Ron Ashkenas tells the following story:

In one large consumer products company, the CEO insisted on having detailed operational reports rolled up every month to the corporate level, which she then used for a monthly review meeting with business heads and corporate staff. Creating these reports required a small army of corporate financial analysts while also creating a cascade of work within all of the business units. And since the financial analysts were not always busy with the monthly reports, they also generated additional activities for the businesses that they thought were value-added. When the CEO retired, her successor decided that these detailed operational reports were unnecessary since each business unit already reported its key numbers — and the big review meetings never resulted in substantial decisions anyway. In other words, he quickly determined that this form of operational roll-up was not critical to the company’s success and it was eliminated (along with the small army of financial analysts and the additional work they spawned).

People commonly think about 5S (a place for everything, and everything in its place) in manufacturing terms: organizing and decluttering the physical space around you. That’s too limiting. It’s also the wrong focus for knowledge workers. In other words: no, it doesn’t matter where you hang your damned sweater.

Factory workers manipulate and process titanium alloys or scratch-resistant iPhone glass faces. Knowledge workers manipulate and process information. Regardless of what kind of worker you are, you need 5S to provide you with quick access to what you’re working on, and to allow you to spot abnormalities.

So, when the signal-to-noise-ratio approaches zero — when there’s just a little bit of information coming through the static, as at the consumer products company described above — you know it’s time for information 5S. It’s time to identify what information is necessary to serve the customer, make decisions, and manage the business, and eliminate the rest. Anything else may be interesting, but is ultimately irrelevant — and even worse, it sucks valuable resources into the giant maw of waste.

In my upcoming book (A Factory of One, out in December 2011) I tell the story of the nurses at the Covenant Health System in Texas. They analyzed their work and found that they spent 51% of each shift filling in forms (rather than doing something useful, like, say, taking care of patients). The vast majority of that time and effort was waste. An information 5S project cut that time in half.

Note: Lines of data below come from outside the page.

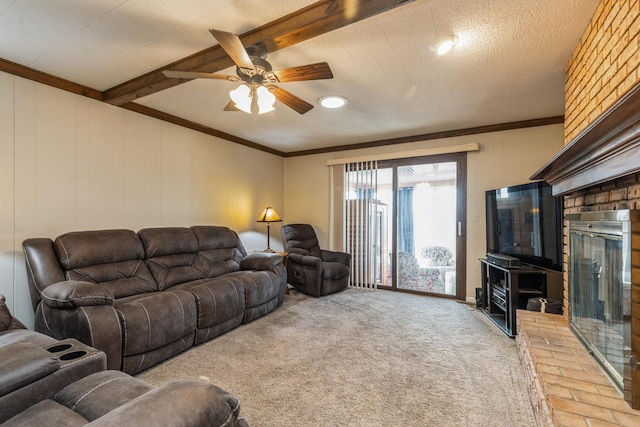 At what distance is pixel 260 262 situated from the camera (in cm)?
363

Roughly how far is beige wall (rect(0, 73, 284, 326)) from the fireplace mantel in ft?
12.3

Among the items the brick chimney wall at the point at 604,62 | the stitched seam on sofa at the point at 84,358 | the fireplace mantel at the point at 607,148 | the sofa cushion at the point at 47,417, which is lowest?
the sofa cushion at the point at 47,417

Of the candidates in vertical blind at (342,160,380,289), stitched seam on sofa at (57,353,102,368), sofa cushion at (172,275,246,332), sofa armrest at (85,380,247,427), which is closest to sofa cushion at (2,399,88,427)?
stitched seam on sofa at (57,353,102,368)

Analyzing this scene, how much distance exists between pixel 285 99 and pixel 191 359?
2198 millimetres

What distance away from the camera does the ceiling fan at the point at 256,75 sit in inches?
73.0

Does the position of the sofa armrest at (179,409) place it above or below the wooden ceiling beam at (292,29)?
below

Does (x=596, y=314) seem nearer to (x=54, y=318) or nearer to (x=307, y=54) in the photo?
(x=307, y=54)

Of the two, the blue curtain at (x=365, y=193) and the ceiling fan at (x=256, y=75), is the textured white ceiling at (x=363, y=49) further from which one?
the blue curtain at (x=365, y=193)

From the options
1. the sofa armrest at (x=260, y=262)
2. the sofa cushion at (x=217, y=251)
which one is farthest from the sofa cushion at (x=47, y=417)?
the sofa armrest at (x=260, y=262)

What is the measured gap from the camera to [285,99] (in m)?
2.42

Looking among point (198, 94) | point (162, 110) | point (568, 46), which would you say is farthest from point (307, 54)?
point (162, 110)

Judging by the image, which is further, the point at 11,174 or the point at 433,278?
the point at 433,278

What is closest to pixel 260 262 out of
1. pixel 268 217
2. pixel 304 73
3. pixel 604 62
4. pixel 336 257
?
pixel 268 217

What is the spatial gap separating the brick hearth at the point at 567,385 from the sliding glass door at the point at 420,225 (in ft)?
6.78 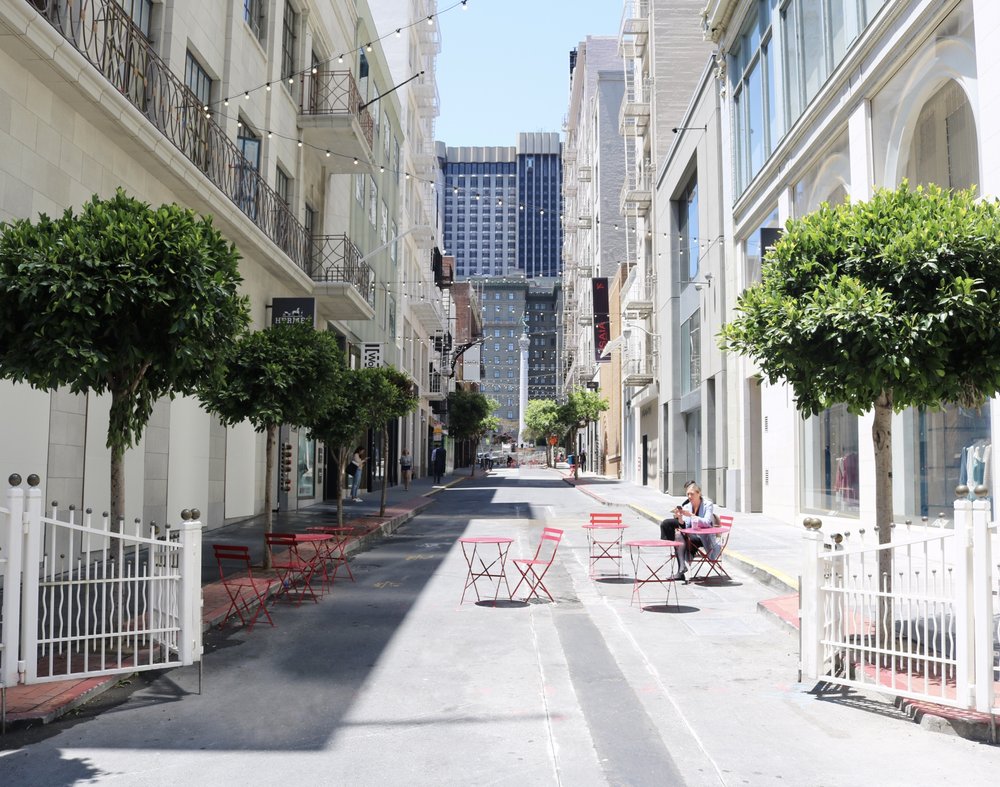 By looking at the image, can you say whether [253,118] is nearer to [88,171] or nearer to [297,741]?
[88,171]

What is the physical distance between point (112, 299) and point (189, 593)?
94.7 inches

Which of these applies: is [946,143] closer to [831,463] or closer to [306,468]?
[831,463]

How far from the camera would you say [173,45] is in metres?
15.5

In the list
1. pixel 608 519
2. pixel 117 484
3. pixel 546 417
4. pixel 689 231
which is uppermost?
pixel 689 231

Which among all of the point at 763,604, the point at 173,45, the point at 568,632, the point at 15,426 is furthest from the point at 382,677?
the point at 173,45

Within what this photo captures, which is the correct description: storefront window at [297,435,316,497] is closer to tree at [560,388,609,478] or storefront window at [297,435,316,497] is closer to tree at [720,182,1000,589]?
tree at [720,182,1000,589]

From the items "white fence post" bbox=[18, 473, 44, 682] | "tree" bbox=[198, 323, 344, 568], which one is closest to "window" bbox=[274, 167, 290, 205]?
"tree" bbox=[198, 323, 344, 568]

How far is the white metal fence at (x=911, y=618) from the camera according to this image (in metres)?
5.43

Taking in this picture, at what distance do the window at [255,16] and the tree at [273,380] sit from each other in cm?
1049

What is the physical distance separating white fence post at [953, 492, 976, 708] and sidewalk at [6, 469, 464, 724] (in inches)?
230

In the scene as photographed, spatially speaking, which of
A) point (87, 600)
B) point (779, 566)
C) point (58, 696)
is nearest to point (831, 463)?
point (779, 566)

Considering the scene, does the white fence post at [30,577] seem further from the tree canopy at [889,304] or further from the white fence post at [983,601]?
the white fence post at [983,601]

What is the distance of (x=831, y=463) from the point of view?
17.6m

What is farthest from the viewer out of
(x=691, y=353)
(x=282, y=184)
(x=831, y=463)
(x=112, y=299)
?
(x=691, y=353) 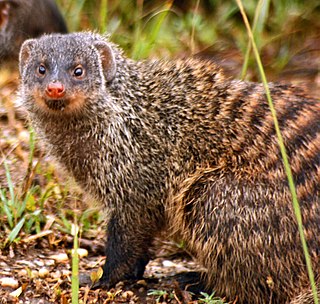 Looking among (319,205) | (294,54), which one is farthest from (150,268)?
(294,54)

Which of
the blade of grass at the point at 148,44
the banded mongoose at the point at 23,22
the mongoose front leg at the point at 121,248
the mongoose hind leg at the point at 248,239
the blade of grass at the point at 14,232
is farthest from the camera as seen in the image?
the banded mongoose at the point at 23,22

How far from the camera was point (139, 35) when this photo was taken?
505 centimetres

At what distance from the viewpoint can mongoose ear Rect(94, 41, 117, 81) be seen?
3.73 m

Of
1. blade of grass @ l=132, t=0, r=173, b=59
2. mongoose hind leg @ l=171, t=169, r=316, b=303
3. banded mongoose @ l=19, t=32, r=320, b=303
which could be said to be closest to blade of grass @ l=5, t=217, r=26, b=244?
banded mongoose @ l=19, t=32, r=320, b=303

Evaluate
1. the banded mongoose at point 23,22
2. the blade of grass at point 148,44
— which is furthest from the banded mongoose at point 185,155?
the banded mongoose at point 23,22

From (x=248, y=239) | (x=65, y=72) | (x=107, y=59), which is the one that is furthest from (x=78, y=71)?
(x=248, y=239)

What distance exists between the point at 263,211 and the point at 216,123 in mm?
510

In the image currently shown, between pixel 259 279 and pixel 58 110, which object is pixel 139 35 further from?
pixel 259 279

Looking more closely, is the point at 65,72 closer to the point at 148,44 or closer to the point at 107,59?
the point at 107,59

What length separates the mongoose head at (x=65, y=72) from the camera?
3486mm

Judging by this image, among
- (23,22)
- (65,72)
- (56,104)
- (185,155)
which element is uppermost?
(23,22)

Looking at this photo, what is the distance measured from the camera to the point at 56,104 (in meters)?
3.51

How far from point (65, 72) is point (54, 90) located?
0.17m

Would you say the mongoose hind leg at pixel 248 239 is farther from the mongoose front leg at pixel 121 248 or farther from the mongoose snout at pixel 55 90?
the mongoose snout at pixel 55 90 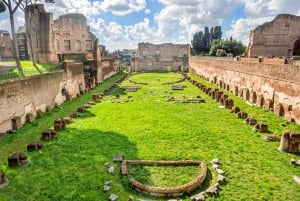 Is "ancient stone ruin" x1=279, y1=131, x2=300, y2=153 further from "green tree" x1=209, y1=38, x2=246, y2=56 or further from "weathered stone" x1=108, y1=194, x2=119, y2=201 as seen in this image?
"green tree" x1=209, y1=38, x2=246, y2=56

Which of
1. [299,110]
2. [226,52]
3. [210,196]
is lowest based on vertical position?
[210,196]

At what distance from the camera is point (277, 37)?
33.2 metres

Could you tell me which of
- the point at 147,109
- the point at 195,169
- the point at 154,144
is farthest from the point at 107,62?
the point at 195,169

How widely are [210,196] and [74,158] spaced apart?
4.76 metres

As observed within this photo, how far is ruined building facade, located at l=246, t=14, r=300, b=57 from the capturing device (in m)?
33.0

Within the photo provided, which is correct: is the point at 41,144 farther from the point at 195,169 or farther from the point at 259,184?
the point at 259,184

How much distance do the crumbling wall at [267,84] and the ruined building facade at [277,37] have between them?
9687 mm

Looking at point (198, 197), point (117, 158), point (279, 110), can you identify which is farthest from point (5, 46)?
point (198, 197)

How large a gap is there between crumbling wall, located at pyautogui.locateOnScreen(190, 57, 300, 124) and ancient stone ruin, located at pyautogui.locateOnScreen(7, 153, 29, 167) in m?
11.9

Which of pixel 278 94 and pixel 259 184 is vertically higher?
pixel 278 94

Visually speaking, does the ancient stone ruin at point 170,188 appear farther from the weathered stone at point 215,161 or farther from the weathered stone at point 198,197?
the weathered stone at point 215,161

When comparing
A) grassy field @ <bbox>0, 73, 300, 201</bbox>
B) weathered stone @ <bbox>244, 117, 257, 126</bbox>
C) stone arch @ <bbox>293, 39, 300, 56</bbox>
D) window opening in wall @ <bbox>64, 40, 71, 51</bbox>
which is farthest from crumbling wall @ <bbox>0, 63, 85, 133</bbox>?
stone arch @ <bbox>293, 39, 300, 56</bbox>

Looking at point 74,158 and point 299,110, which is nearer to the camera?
point 74,158

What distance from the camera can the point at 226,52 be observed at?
5012 centimetres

Take a look at the information you create and ask others to create for you. How much of it is waste, and how much of it is value? How much of it is just “legacy work” — stuff that’s just always been done, and no one remembers why anymore — and how much of it really helps you make decisions to lead the business?

3 Responses

  1. Mark Graban says:

    That hospital story is especially illustrative of the majority of time spent on non value adding activity in the daily work of healthcare professionals. Searching for supplies and physical stuff takes up time, but so does searching for information, so you’re right to focus on that.

    In the example of the CEO, there was the waste of gathering and creating those reports, but (speaking of signal vs. noise), how much waste was generated by leaders overreacting to signal instead of noise – reacting to “common cause” variation in the numbers instead of knowing how to look for “special causes”? Leaders tend to react to every up and down in the data, not knowing Dr. Deming’s lesson about not “tampering” with the system.

    That’s why Donald Wheeler’s book “Understanding Variation” is probably the single most impactful book I’ve read in my career…

  2. Dan says:


    I’ve never read that book (though I think you’ve mentioned it in your blog before). I completely agree that leaders often overreact to signals. Because they’re farther away from the gemba and the customers, it’s often hard for them to discern what’s really significant.

    I think that’s where standard work for managers can help. By talking with front line and middle management workers on a regular basis, leaders can gain context for the signals they’re getting.

  3. Mark Graban says:

    Dan, it’s a great little book… about the size of “Who Moved My Cheese?” (a book I absolutely hate).

    Being smart about reading daily, weekly, or monthly reports and using SPC thinking to properly interpret trend lines is certainly not a substitute for going to the Gemba!